Unable to create service on docker swarm managers, only on workers

Hi all
I have a fresh install of docker swarm on 8 nodes - 3 managers and 5 workers. All seems ok. I can spin up containers on the worker nodes but not on any manager nodes. Which is ok as I want services to run only on worker nodes. However, I want Traefik to run on manager/s only as I believe that’s where it should be.
I’ve tried using various placement constraints and labels, to no avail. The message is always the same: network “sandbox join failed: …”. This only happens when I try to run the service on any manager node. When I run the same service on one or all workers it runs without a hitch.
What I have noticed is that when the replicas are less than or equal to the number of worker nodes, and no placement constraints present, they are automatically and randomly spread around the worker nodes. And they work perfectly. When I create more replicas than there are workers, they fail, and I realised its because docker tries to put the remainder of the replicas on the manager nodes, after placing one on each of the worker nodes. But the manager nodes just won’t have containers/services on them. Even a basic Nginx service fails on the manager nodes.
I hope someone can help me just to get traefik on a manager node as I don’t know what I’m doing wrong.
Thank you in advance
Edwin

I am afraid a description alone is not enough to actually get an exact understanding of the situation.
Please share the compose file content for the Traefik deployment + the command used to deploy them.

Hi meyay
Thank you for getting back to me. My concern is not that Traefik won’t run but that I cannot create any service on the manager nodes. Even the “hellow-world”. Below is the Traefik docker compose file. I use docker stack deploy -c traefik.yml traefik. An overlay network was created “swarmnetwork”.

services:
  traefik:
    image: "traefik:2.9.9"
    deploy:
      mode: replicated
      replicas: 1
      placement:
        constraints:
          - "node.role==manager"
    command:
      #
      - "--api=true"
      - "--api.dashboard=true"
      - "--providers.docker=true"
      - "--providers.docker.exposedbydefault=false"
      - "--entrypoints.webhttps.address=:443"
    labels:
      - "traefik.enable=true"
      - "traefik.http.routers.traefik.rule=Host(`traefik.mydomain.com`)"
      - "traefik.http.routers.trafik.entrypoints=webhttps"
      - "traefik.http.routers.traefik.service=api@internal"
      - "traefik.http.routers.traefik.middlewares=traefik-basic-auth"
      - "traefik.http.middlewares.traefik-basic-auth.basicauth.users=username:<password>"
    volumes:
      - "/var/run/docker.sock:/var/run/docker.sock:ro"
    ports:
      - "443:443"
    networks:
      - "swarmnetwork"

  whoami:
    image: "traefik/whoami"
    labels:
      - "traefik.enable=true"
      - "traefik.http.routers.whoami.rule=Host(`whoami.mydomain.com`)"
      - "traefik.http.routers.whoami.entrypoints=webhttps"
    networks:
      - "swarmnetwork"

networks:
  swarmnetwork:
    external: true

volumes:
  ssl:
    external: true

Your compose file looks about right. I don’t see anything that should prevent traefik from being deployed correctly.

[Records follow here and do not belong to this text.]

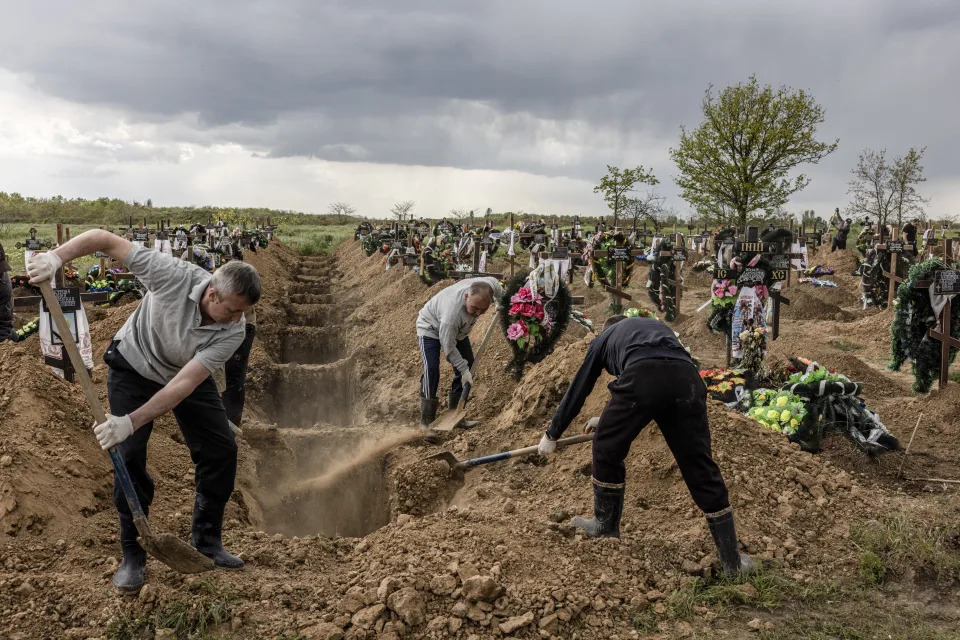 Grave diggers bury the bodies of a husband and wife who were both killed by Russian shelling that hit a supermarket in Kherson, Ukraine, May 10, 2023. (Finbarr O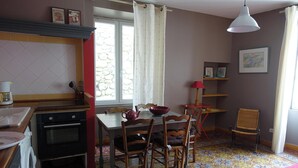 Une cuisine avec une table à manger, des chaises et une lampe rouge. On y trouve une fenêtre avec des rideaux, un lave-linge et une cuisinière.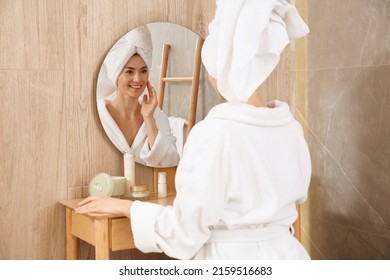 Beautiful woman wearing white bathrobe in front of mirror at home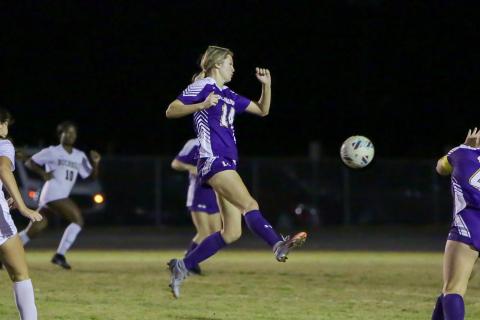 Columbia's Mia Brasel passes the ball up the field in a match against Buchholz last season. (BRENT KUYKENDALL/Lake City Reporter)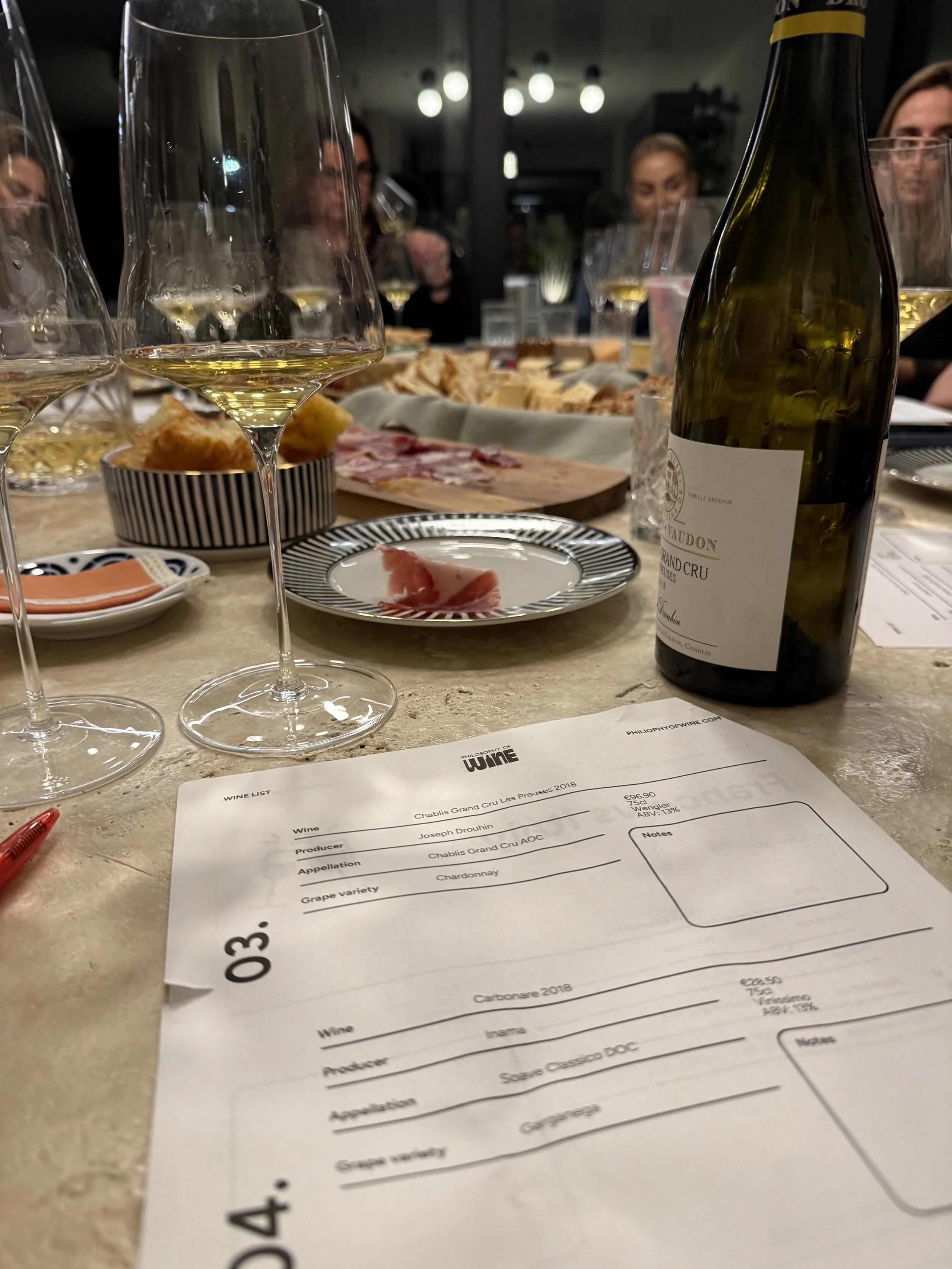 A table with glasses of white wine, a bottle of white wine, a plate with a slice of prosciutto, a tray with bread and charcuterie, a menu, and several people in the background enjoying a meal.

Please share the output of these commands:

# on any manager node
docker service ps traefik_traefik --no-trunc` 
# from every manager node
netstat -tpln | awk '/:443 / { split($7,x,"/"); system("ps -f --pid " x[1])}'

I want to understand whether traefik is running, and if not get more details. The 2nd command allows to see which application binds port 443 on your worker nodes.

Of and the most important thing: I would also like to see the output of docker network inspect swarmnetwork to make sure the network was created using the overlay driver and is swarm scoped.

Hi meyay
Thanks for getting back to me
Just so you know this problem only occurs on raspberry pi nodes. I tried three Odroid N2’s with exactly same setup and on the same network, and they work perfectly. I can deploy services on them as managers.
Here are your answers:

# on any manager node**
docker service ps traefik_traefik --no-trunc

y18zke8xwvyiky8q51y8sile6 traefik_traefik.1 traefik:2.9.9@sha256:a6462879a1fce98fdd21ef4688a7af32b30e156a30411c5b2f4d5877b9a0bf91 mngr21 Ready Rejected 2 seconds ago "network sandbox join failed: subnet sandbox join failed for "10.0.1.0/24": error creating vxlan interface: operation not supported"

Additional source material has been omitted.